Writing to an object, old ideas:

An optimisation is to make a thread hold a write lock on a block, releasing it only when asked to. When another thread gains the write lock on a thread's current block, that block's thread is blocked until it regains its lock. The owner thread cannot make any new objects meaning that it cannot create any MethodContexts until it regains its lock. This means that a thread might relinquish its lock on its current block at every context switch. An optimisation would be to make the owner of a block make a new block when another thread wants to access its current block. This makes it effectively impossible for one thread to access another thread's current MethodContext, meaning the debugger would have a difficult job. 


Alternatively, blocks can be copy-on-write. A thread will do all its work on a copy of the block. When the thread has finished, the block is "committed" back to be part of the main memory. TODO: think about how this affects concurrent synchronisation.


The copy-on-write method may make it possible to have a transacted VM with rollback possibilities. If blocks are copied on write, then a snapshot could be made by keeping the old versions of the blocks and keeping an old copy of the block table.


Say that to write to a block, a thread obtains a copy of that block for writing to, and when finished the block is inserted back into the image. This means:

  • Any other thread wanting to write to that block will need to wait for the existing block to finish. This means that the block needs to record who has it locked anyway. This only happens when writing to existing objects; new objects will be created in thread's private blocks.
  • I suspect that every time a Semaphore is signalled, the block will need to be written back before the involved thread is resumed to ensure that concurrent synchronisation still works. I'm not sure if there are other cases, such as waiting on a semaphore.
  • Other threads can still read from the old copy and so no blocking is needed. They only block on writing.
  • This approach may or may not have significant memory copying overheads. An initial write to a block means it needs to be copied.


Distributed computing

The block-based VM could potentially run across a cluster. Blocks then could be accessed in any of these manners:

  • If a block is only being read, it can be copied from a remote host.
  • If a block has lots of writes but not many reads, write and read requests can be sent to an authoritave remote host. The block should migrate to the host doing the most writes.
  • If a block has lots of writes and lots of reads, it could be replicated with writes being broadcast.


More considerations:

Some objects could be special, such as SharedQueues or Semaphores with behaviour tuned for distributed computing.

Transactional semantics might be needed.




Lessons learned from working on large scale server software (originally http://ferd.ca/lessons-learned-while-working-on-large-scale-server-software.html):


  • Plan for the worst possible failure first. Make sure you can recover from it. Every other failure recovery is an optimisation over this.
  • http://en.wikipedia.org/wiki/CAP_theorem
  • https://en.wikipedia.org/wiki/Fallacies_of_distributed_computing
  • Handle overload conditions well.
  • Make bugs transparent. If something can corrupt, crash the node rather than continue in an unknown state. Make everything transparent (e.g network traffic).
  • Consider how to upgrade a cluster with as little downtime as possible. Maybe start a new cluster incrementally, transferring (and translating) state over from an old version?
  • Consider how to resurrect a dead or corrupted cluster. 
  • Use a real network. loopback will protect you from lots of errors - latency, packet ordering/loss, corruption, kernel bugs, hardware bugs.


Random Obsolete Ideas




A pointer within a block is a direct 16-bit pointer. These are fast and the intention is that these local pointers help absorb the overhead generated by the rest of this proposal.

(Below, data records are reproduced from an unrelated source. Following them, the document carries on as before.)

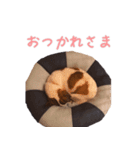 らーら（ジャックラッセルテリア）（個別スタンプ：14）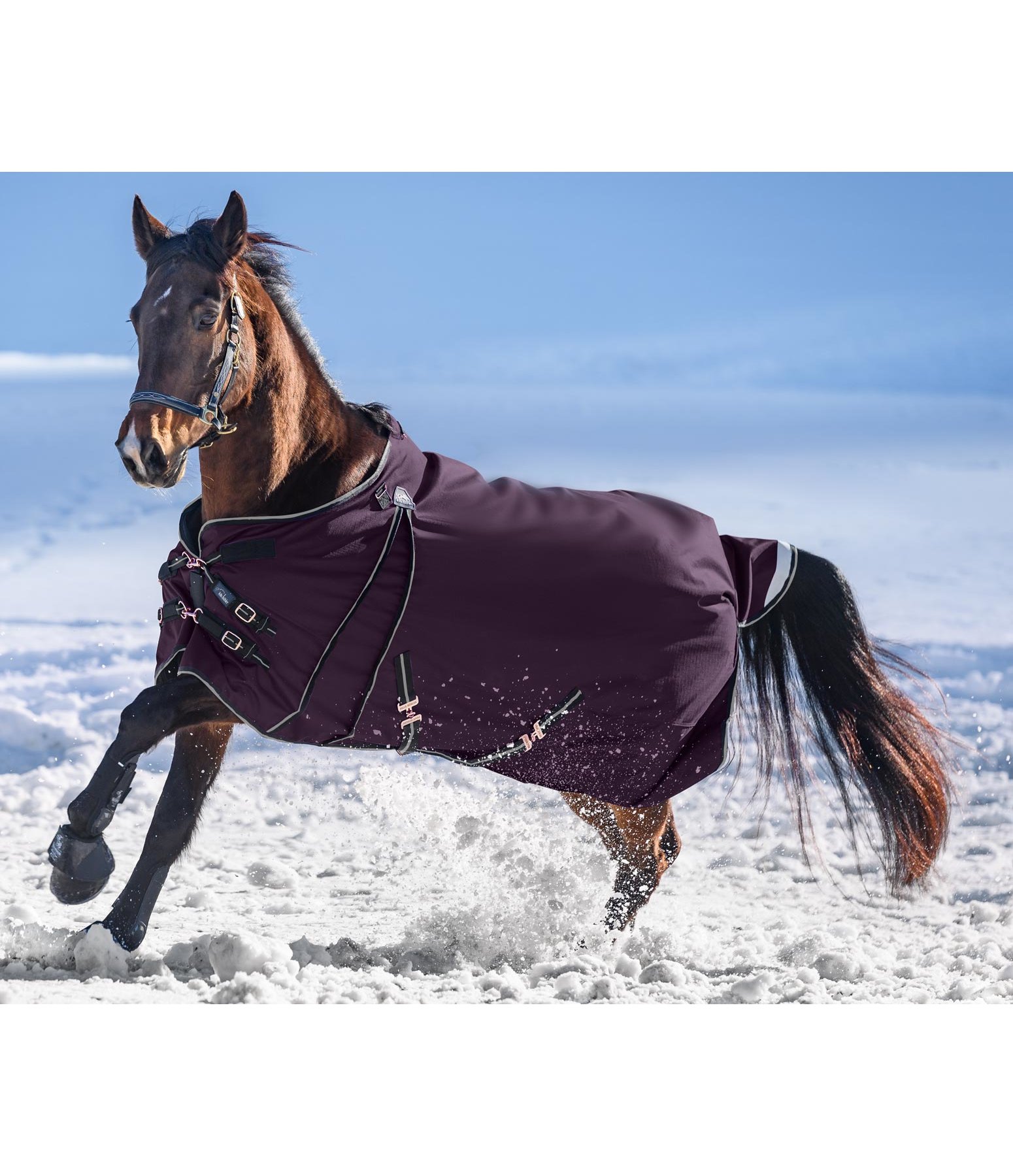 Outdoordecke Autumn Breeze II mit Linersystem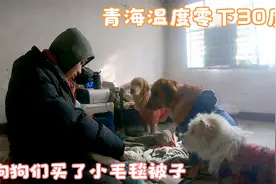 担心狗狗们的被子单薄，买了厚实的小毛毯，睡觉一定很舒服视频封面
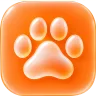 MeetPaw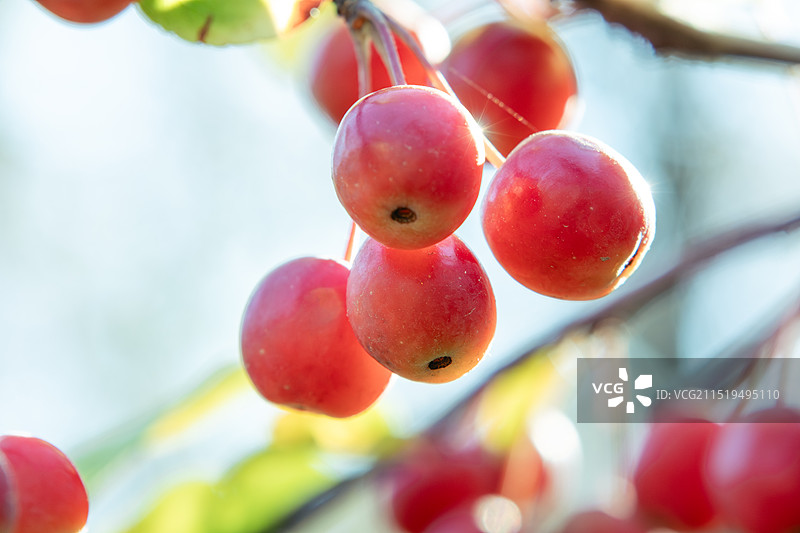 秋天阳光下枝头成熟的红色海棠果特写镜头 唐山南湖公园风光图片素材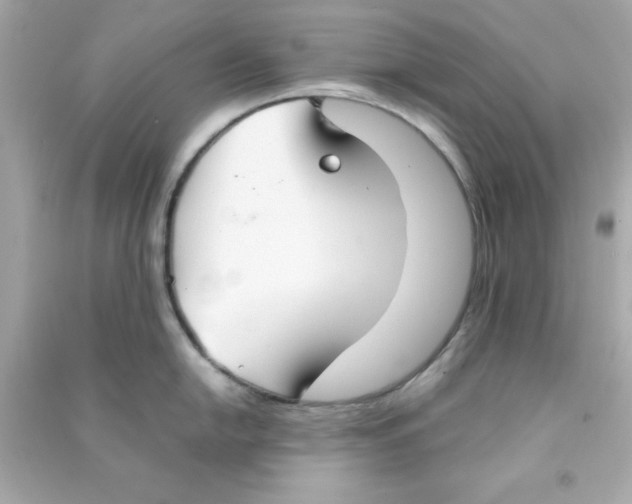 X0000090471054200708102129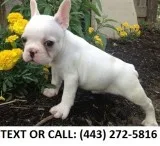 Nahf white french bulldog puppies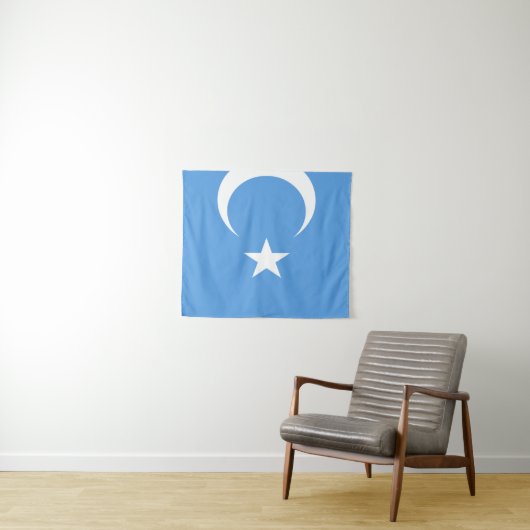 Vlag Oost-Turkestan Oeigoer Wandkleed (In Situ (horizontaal))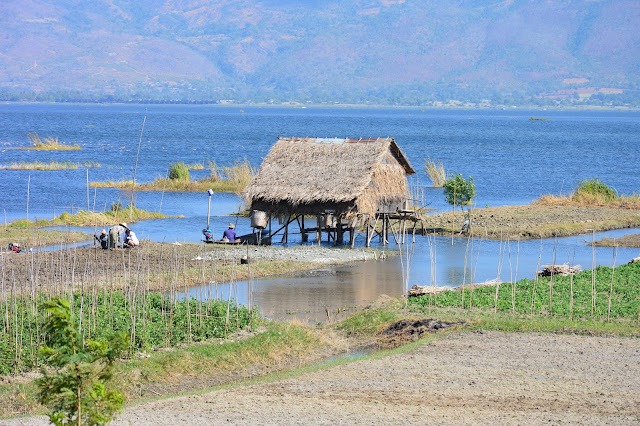 Champs aux abords du Lac Inle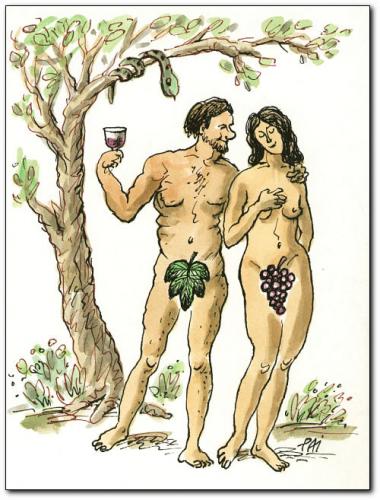 Cartoon: wine (medium) by penapai tagged adam,eve,,adam,eva,paradies,schlange,frucht,verführung,locken,weintraube,wein,sünde,religion,trinken,alkohol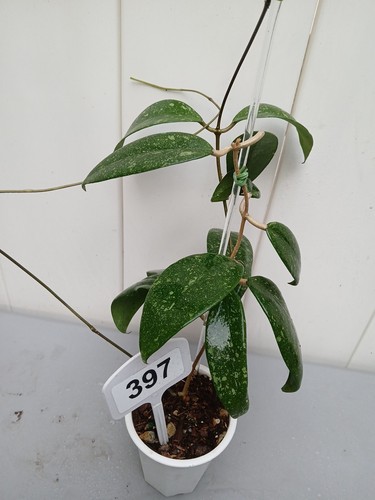 #397- HOYA VIETNAM SPLASH LIVE PLANT LARGE LEAF - Picture 24 of 24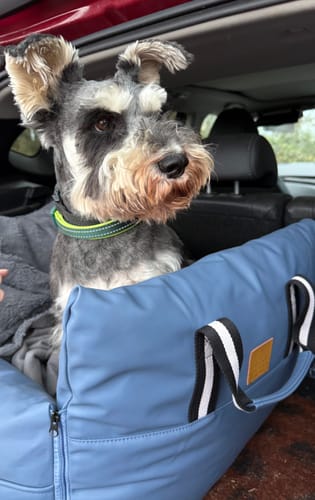 Customer photo review of The Dog Dock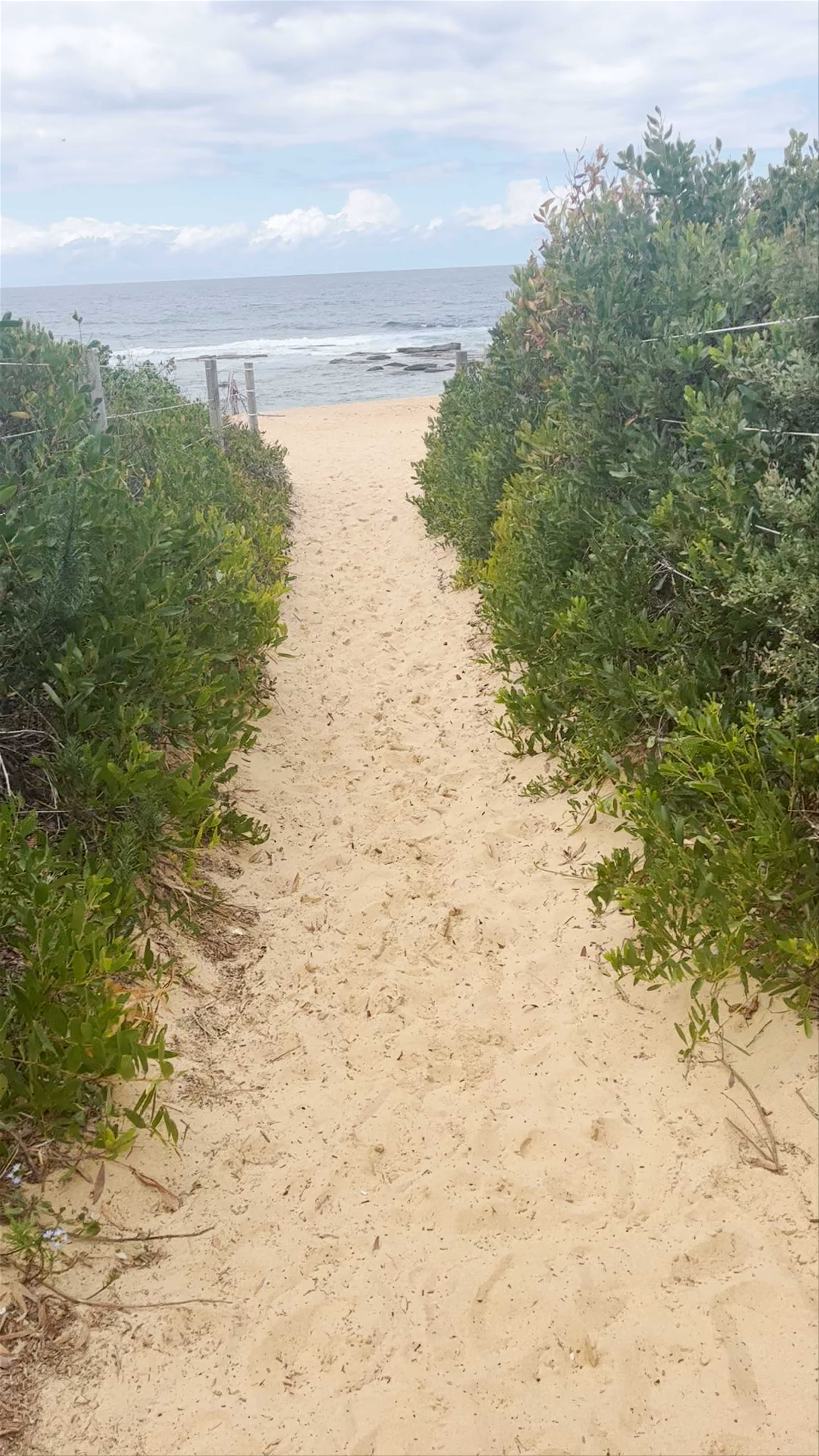Spoon Bay Road Reserve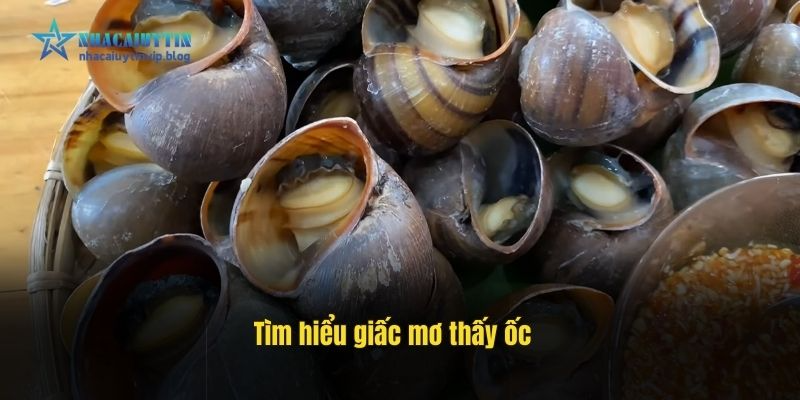 Tìm hiểu giấc mơ thấy ốc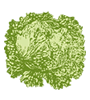 lettuce-2.gif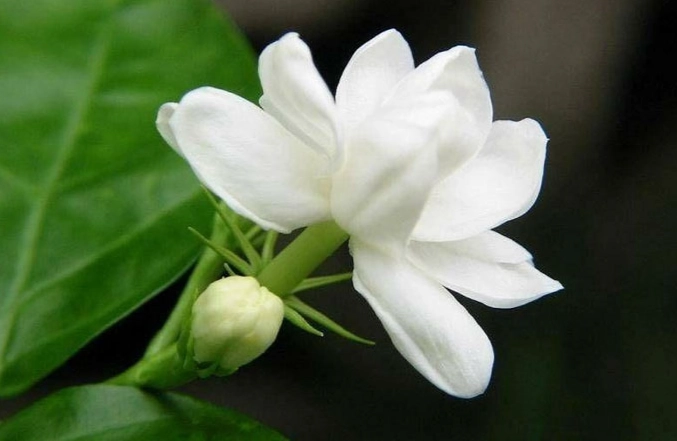 茉莉花種植技巧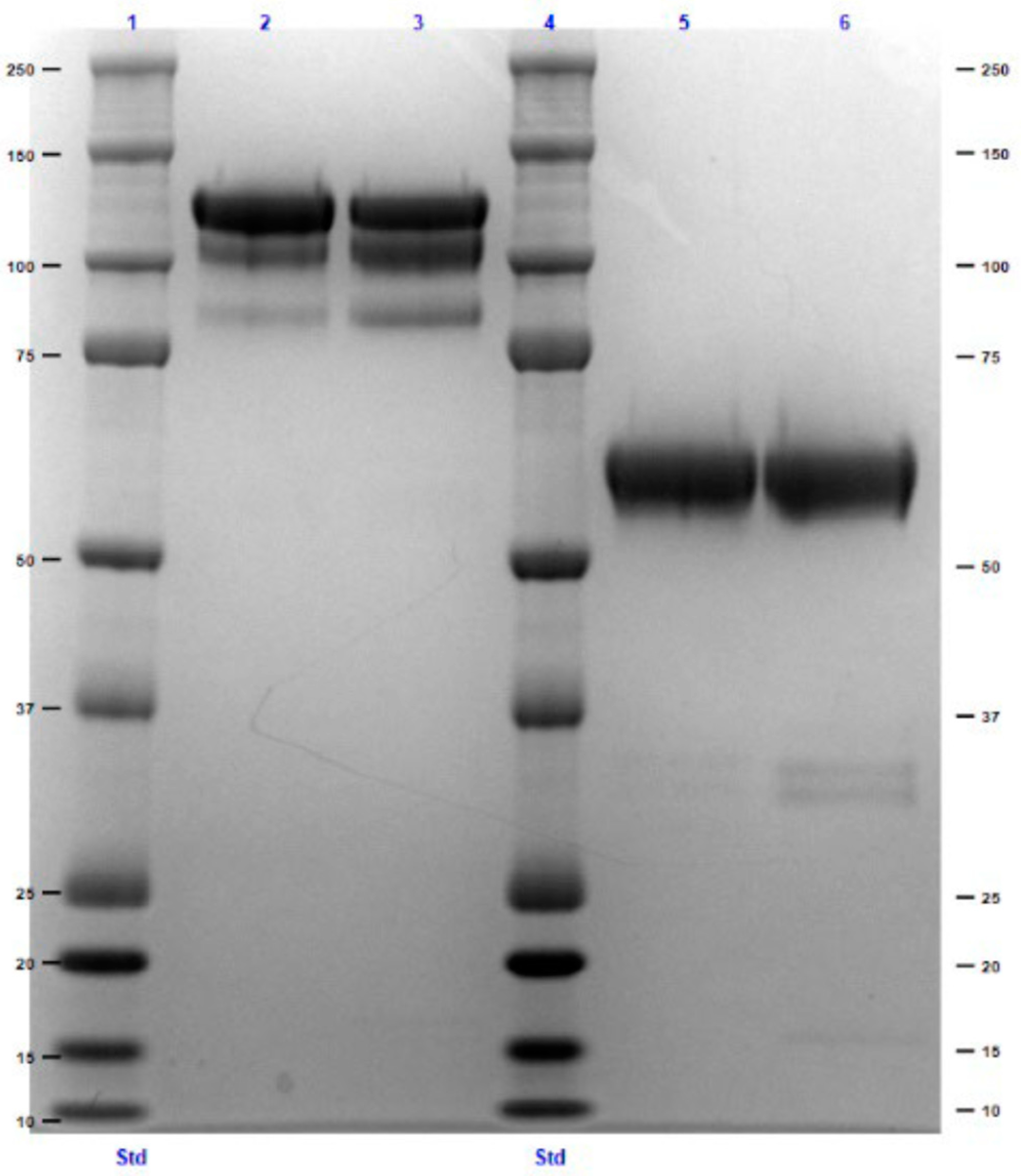 Biomolecules 12 01170 g0a1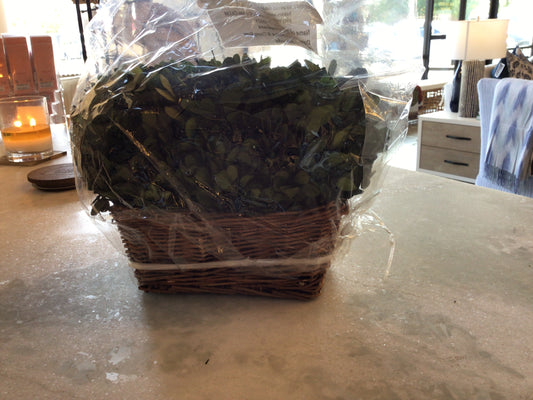 Md. Preserved Boxwood Hedge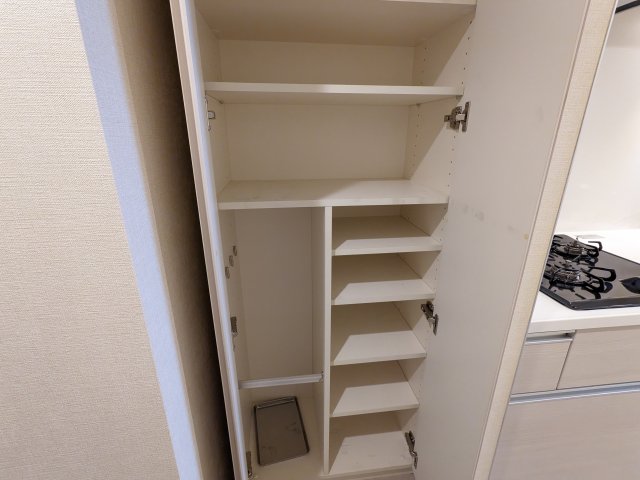 ケーディーエックスレジデンス豊洲306号室 収納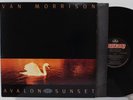 VAN MORRISON 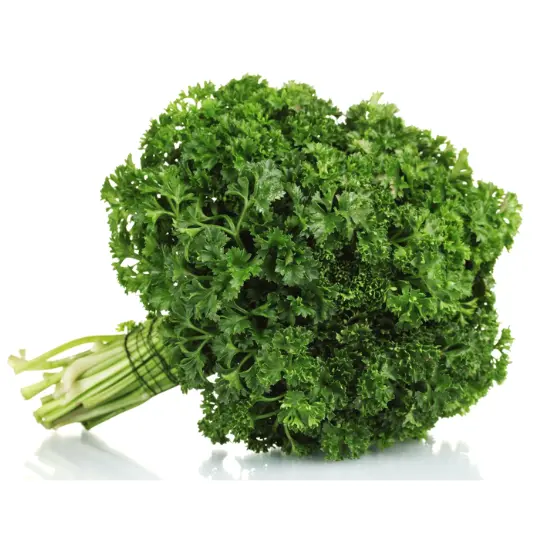 Persil - Parsley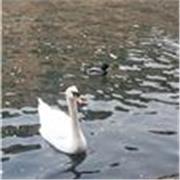 English Tutor for children and adults online as well as offline. 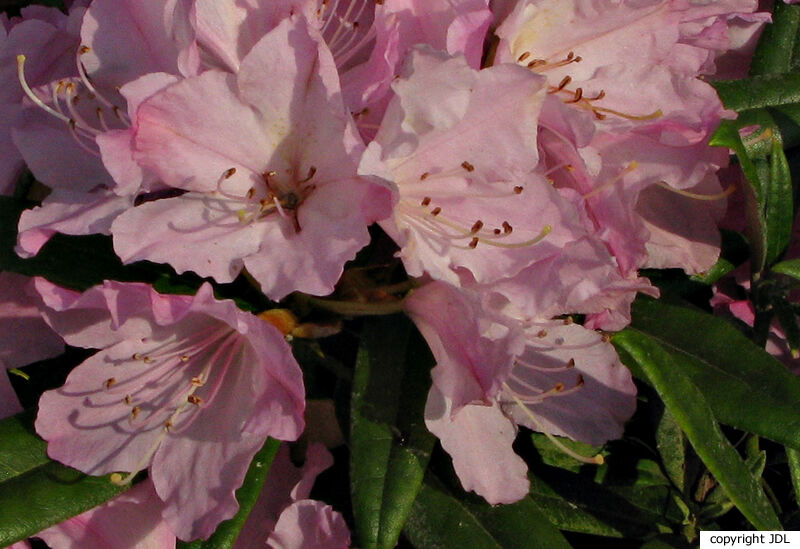 Rhododendron makinoi Tagg 'Silber'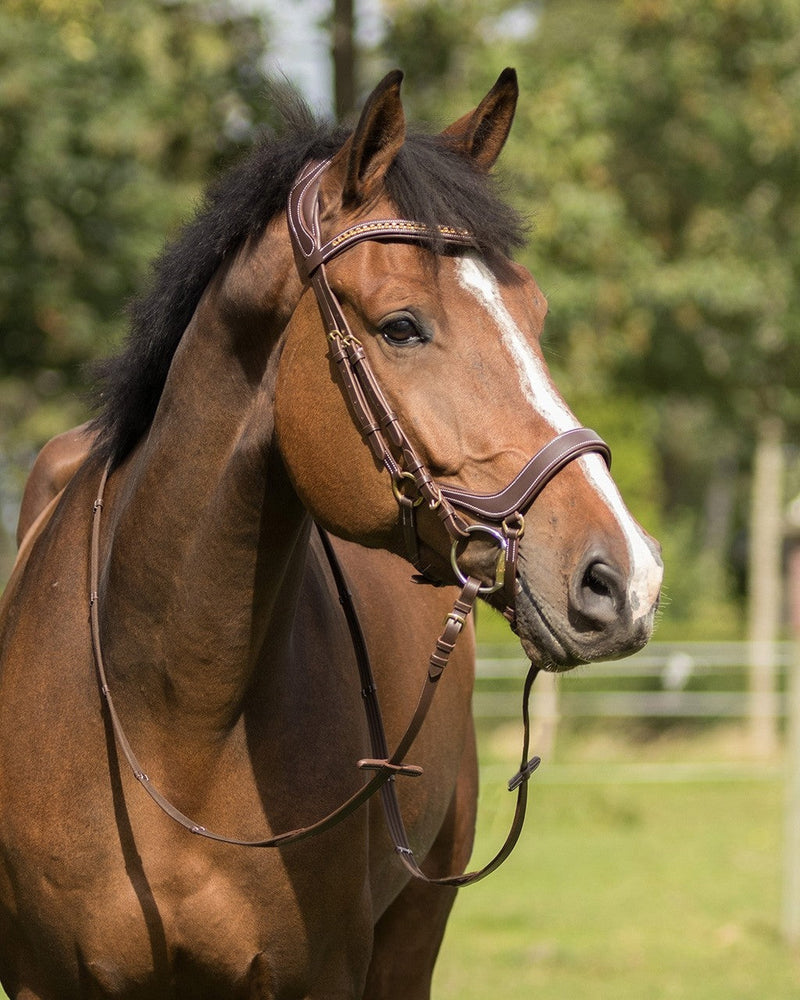 Devi Anatomical Bridle - Nags Essentials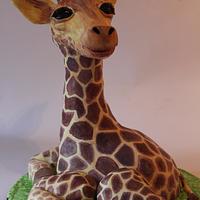 Gerard the giraffe 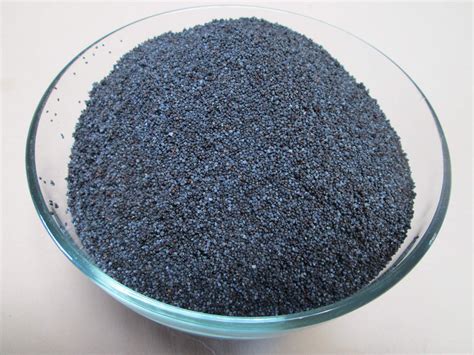 Natural Raw Blue Poppy Seeds, 1 lb — Fruits Star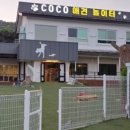 코코까페 이미지
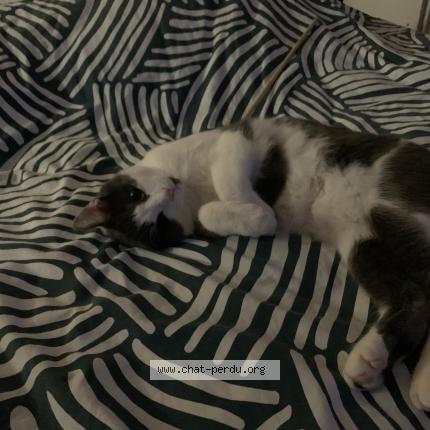 Foto 1/1 Sukuna Chat perdido en Mehun sur yevre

A pointer from a block to an object is another block has three levels of indirection. Firstly, a 16-bit pointer points to a larger "FarRef" object (e.g. 64 bits?) in the same block. That larger pointer points to an entry in a global object mapping table. That table entry then has the location of the external block and the "InPointer" index of the object in that block.


Blocks contain objects, InPointers and FarRef. FarRef point (indirectly) to InPointers in other blocks. InPointers in a block are referred to by index (0, 1, 2... etc) that doesn't change if the local object the InPointer refers to is moved around the block.


An InPointer consists of: [localObject, backRefs]. localObject is a 16-bit direct pointer to the object in this block. "backRefs" is a list of back references to the out pointers in other blocks which refer to this pointer. This list can be implemented in several ways. One way is to have each FarRef have a nextPointer, so that they form a linked list of all FarRef pointing to a particular InPointer (needs more thinking - how does the object table fit in?).


An FarRef consists of a pointer (64 bits?) to an entry into the object mapping table. It may also contain a link to the next FarRef in a linked list of back references if back references are implemented in this way.


* Including linked lists in the FarRef will cause a lot of CPU cache misses as it jumps around memory. Use a local array instead.


* Rather than using an object lookup table, just a block lookup table is needed. An FarRef then is a (block#, inPtr#) tuple. An InPointer is then a (localRef, backRefs) tuple with both entries being direct 16-bit pointers.  Unfortunately, this limits the number of back references to what can fit in a 64KB block.



A backtracing GC algorithm uses the back references to determine how many references there are to a particular object. When this list is empty, the object can be GCed.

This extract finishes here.